Im not that framiliar with handguns i know how to shoot them and ive had 2-3 in the past. My fav being the p250 sig..

so i bought a mosq. and just went to fire it pull back the slide and fires one shot but will not continue firing what would be the first thing to do in this situation...

Please be easy as im a complete newb to working on my own guns any help will be greatly appreciated


----------



## Bisley (Aug 24, 2008)

Use higher powered ammo, like MiniMags or the equivalent, clean and lube well, especially the rails, and shoot it a lot. It may wear itself in and become somewhat more reliable. Many others have had similar problems with the Mosquito, and I can't say what the solution is, if it doesn't get better with use, and higher velocity ammo.


----------



## mattgarciachi (Mar 11, 2011)

Bisley said:


> Use higher powered ammo, like MiniMags or the equivalent, clean and lube well, especially the rails, and shoot it a lot. It may wear itself in and become somewhat more reliable. Many others have had similar problems with the Mosquito, and I can't say what the solution is, if it doesn't get better with use, and higher velocity ammo.
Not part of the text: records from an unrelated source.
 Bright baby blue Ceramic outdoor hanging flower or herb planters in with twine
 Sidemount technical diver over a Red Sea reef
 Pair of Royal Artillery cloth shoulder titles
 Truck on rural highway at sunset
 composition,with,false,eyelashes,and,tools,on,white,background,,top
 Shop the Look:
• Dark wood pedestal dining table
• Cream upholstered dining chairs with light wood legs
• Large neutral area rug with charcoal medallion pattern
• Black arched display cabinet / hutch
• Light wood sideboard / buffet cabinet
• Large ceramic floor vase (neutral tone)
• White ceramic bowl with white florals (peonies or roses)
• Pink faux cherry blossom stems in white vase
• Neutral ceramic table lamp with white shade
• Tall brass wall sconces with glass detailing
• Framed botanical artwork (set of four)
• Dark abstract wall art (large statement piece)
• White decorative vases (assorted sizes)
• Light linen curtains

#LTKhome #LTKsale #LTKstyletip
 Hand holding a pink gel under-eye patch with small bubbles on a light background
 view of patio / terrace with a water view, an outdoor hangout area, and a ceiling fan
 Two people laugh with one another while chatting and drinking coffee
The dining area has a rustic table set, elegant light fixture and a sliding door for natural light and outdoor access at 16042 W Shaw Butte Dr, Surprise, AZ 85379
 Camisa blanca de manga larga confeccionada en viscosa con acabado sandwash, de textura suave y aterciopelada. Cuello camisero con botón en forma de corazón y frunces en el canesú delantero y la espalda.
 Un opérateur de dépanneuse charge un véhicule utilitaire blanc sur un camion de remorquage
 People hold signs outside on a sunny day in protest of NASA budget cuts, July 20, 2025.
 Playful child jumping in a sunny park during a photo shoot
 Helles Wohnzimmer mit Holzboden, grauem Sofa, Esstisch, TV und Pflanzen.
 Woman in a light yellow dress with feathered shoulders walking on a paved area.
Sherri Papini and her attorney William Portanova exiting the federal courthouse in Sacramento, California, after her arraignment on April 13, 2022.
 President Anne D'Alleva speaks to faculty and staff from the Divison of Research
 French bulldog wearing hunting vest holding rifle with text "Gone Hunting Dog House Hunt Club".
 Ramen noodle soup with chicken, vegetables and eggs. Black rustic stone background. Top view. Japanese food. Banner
okay.... So im a complete tard when it comes to this stuff i bought the gun and went to buy some 22. rounds and there were to different types of rounds its probably extremely obvious to you guys but there was short rounds and .22 long rifle rounds it just didnt seem possible for the shorties to fit in the clip do the shorts work with this model gun.....thanks and bare with me please


----------



## hud35500 (May 8, 2010)

You can only use .22 long rifle in the Mosquito. While the shorter rounds may fit the mag, they will not function. Mosquitos like hot ammo, like Mini Mags, Vipers, & Stingers. You can experiment with others to find out what else works, but only .22LR.


----------



## PhillyCheese (Mar 6, 2011)

I have this gun and had the same problem.

Solution:
1. Thorough cleaning. Mine came heavily gunked up with thick black lube from the factory. It took me 3 cleaning sessions to finally get it all out.
2. This gun is very particular about what brand ammo you use. Mine jams every 4 shots or so with Remington's. I switched to Mini Mag's and it has not jammed yet. Now I only use Mini Mag's in this gun.
3. This gun takes about 750 rounds to break in. I hated my gun and the way it shot the first 500 rounds. Even tried to sell it. Now it has over a thousand rounds through it and it shoots great. I love it.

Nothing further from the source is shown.